Pretty sure this is ot a good way to finish a landing. 
Poor guy got caught in a crosswind, fought it hard but here is the result. Sorry about the crappy photo all I had was one off the back of my camera.





Cheers

Jeff

Reactions: Like Like:
2 | Informative Informative:
1 | Like List reactions


----------



## GrauGeist (Jul 25, 2021)

It appears only his ego may have been bruised?


----------



## PFVA63 (Jul 25, 2021)

Hi,
It's not his fault the ground suddenly went vertical - oh wait, my mistake, the picture is just turned sideways


----------



## cvairwerks (Jul 25, 2021)

Going to be a hard hit on the wallet beside the hit on ego and confidence.

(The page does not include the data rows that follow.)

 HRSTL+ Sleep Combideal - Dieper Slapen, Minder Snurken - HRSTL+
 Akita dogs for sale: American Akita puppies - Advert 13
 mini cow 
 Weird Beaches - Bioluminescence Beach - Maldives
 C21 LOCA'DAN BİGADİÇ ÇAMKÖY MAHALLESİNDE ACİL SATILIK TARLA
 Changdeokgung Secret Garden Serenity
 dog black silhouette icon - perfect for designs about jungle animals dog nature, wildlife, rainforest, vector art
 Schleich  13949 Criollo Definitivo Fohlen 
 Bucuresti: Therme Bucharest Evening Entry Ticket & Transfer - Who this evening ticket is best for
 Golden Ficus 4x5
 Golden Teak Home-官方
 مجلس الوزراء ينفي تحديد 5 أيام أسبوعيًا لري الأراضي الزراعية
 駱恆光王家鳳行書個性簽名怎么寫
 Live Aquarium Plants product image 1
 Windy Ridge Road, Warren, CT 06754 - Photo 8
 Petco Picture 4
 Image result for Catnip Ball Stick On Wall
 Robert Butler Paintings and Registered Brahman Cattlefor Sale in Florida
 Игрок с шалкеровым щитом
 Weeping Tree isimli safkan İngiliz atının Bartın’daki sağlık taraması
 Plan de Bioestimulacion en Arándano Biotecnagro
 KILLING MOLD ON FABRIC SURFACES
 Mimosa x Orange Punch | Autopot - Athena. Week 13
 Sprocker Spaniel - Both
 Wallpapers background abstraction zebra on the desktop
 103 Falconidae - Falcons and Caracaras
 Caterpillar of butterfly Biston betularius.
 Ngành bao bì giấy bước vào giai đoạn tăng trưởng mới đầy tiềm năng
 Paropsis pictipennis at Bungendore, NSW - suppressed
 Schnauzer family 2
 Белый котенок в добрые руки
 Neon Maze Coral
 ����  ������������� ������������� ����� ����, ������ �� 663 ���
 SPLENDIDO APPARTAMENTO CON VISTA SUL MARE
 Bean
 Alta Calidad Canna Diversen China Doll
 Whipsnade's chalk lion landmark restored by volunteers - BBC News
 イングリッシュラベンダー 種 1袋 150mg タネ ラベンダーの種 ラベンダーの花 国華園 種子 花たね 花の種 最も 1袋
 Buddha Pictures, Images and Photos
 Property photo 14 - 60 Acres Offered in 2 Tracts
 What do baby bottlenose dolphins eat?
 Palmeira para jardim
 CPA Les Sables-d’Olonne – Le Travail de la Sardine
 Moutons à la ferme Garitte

Hate to see anyone fly in and go home by truck.

Reactions: Like Like:
1 | Like List reactions


----------



## Jeff Hunt (Jul 25, 2021)

GrauGeist said:


> It appears only his ego may have been bruised?


Bottom right wing struck the ground hard, prop is toast and my guess is engine will need to be rebuilt. Could have been worse, she did not go over on her back.

Cheers

Jeff

Reactions: Informative Informative:
1 | Like List reactions


----------



## cvairwerks (Jul 25, 2021)

It's considered a sudden stoppage, so, depending on which motor it is, at least a partial teardown will be required.

Reactions: Agree Agree:
1 | Like List reactions


----------



## Gnomey (Jul 25, 2021)

Big oops!


----------



## cvairwerks (Jul 25, 2021)

Yep, did see the video of the incident. He got the top left wingtip and the bottom right wing, along with the engine and prop. Didn't look bad on the left wing, but I would be concerned about spar cracks from the drag.


----------



## GrauGeist (Jul 25, 2021)

Jeff Hunt said:


> Bottom right wing struck the ground hard, prop is toast and my guess is engine will need to be rebuilt. Could have been worse, she did not go over on her back.
> 
> Cheers
> 
> Jeff


Planes can be replaced, I was concerned about the pilot and from the looks of it, he fared well.


----------